[Opening Listed entries section]
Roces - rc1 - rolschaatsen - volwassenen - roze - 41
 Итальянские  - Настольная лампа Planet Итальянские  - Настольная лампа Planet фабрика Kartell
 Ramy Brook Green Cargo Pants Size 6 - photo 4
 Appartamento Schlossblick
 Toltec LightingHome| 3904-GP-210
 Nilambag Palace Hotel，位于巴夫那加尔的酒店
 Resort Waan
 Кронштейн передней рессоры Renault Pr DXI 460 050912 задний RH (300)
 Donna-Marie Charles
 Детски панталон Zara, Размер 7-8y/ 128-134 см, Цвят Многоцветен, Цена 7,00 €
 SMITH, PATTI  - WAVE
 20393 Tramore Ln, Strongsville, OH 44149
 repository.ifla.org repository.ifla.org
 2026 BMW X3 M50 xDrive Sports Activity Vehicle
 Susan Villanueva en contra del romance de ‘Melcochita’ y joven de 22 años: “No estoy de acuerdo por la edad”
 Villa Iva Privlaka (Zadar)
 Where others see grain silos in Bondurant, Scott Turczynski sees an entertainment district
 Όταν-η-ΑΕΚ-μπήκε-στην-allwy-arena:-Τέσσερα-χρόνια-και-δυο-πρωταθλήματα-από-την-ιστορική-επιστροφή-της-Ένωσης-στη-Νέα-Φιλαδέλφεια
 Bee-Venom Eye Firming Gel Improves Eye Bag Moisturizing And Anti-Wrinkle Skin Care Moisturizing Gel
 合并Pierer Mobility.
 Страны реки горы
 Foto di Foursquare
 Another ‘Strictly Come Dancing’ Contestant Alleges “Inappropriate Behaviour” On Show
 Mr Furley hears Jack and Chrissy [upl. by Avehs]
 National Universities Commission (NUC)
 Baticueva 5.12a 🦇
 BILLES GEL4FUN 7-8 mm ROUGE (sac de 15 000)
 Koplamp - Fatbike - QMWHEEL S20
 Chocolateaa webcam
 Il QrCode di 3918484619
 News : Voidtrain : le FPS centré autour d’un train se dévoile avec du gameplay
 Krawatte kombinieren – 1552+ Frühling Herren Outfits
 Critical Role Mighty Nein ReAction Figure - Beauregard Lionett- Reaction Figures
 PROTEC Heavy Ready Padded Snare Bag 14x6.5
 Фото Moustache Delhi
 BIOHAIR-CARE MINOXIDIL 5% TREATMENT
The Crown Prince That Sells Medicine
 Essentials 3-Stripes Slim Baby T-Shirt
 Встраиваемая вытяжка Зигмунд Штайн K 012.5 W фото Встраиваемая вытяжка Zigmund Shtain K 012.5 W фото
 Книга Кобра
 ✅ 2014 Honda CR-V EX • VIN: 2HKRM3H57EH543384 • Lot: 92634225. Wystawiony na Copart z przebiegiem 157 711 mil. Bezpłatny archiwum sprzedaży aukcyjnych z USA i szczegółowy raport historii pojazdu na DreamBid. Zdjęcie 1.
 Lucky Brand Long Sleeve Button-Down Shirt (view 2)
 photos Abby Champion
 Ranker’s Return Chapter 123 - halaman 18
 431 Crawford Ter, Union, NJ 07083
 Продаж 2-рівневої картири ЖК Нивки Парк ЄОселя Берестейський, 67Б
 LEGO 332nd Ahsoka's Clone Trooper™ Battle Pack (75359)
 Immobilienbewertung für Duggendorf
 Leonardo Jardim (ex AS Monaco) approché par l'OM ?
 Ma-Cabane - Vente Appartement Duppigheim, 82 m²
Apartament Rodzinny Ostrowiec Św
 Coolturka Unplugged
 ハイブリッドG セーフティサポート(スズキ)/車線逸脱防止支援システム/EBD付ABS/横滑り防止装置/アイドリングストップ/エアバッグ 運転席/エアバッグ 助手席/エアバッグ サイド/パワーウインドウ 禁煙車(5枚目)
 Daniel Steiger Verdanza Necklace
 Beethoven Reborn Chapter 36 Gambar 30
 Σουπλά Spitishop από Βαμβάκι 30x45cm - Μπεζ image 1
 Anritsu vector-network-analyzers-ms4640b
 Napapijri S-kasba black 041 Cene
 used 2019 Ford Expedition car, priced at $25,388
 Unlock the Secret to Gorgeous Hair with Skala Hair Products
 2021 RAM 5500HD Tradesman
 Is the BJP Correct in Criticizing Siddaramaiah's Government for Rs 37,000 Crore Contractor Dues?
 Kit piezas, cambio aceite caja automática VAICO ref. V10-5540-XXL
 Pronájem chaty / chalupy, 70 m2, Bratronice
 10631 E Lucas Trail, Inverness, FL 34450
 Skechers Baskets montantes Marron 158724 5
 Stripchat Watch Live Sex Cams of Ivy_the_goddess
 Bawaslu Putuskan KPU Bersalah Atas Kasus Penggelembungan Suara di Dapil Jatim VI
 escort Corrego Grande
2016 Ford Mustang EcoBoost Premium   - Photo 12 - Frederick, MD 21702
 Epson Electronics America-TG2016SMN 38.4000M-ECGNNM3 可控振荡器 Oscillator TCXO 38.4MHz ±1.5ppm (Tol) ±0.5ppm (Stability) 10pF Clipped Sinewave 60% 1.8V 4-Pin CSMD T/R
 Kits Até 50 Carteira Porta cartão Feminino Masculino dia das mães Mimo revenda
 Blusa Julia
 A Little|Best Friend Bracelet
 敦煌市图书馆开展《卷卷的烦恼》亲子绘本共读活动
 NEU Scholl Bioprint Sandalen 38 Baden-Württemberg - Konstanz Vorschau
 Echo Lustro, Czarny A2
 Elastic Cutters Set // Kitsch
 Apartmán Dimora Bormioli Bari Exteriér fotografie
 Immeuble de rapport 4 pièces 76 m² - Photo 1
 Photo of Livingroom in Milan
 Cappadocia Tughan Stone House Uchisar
[Closing Listed entries section]
Activity:
The required answer is the exact run of lines above starting at the line with "Mr Furley hears" and ending at the line with "Il QrCode di 3918484619", with both ends present.

Result:
 Mr Furley hears Jack and Chrissy [upl. by Avehs]
 National Universities Commission (NUC)
 Baticueva 5.12a 🦇
 BILLES GEL4FUN 7-8 mm ROUGE (sac de 15 000)
 Koplamp - Fatbike - QMWHEEL S20
 Chocolateaa webcam
 Il QrCode di 3918484619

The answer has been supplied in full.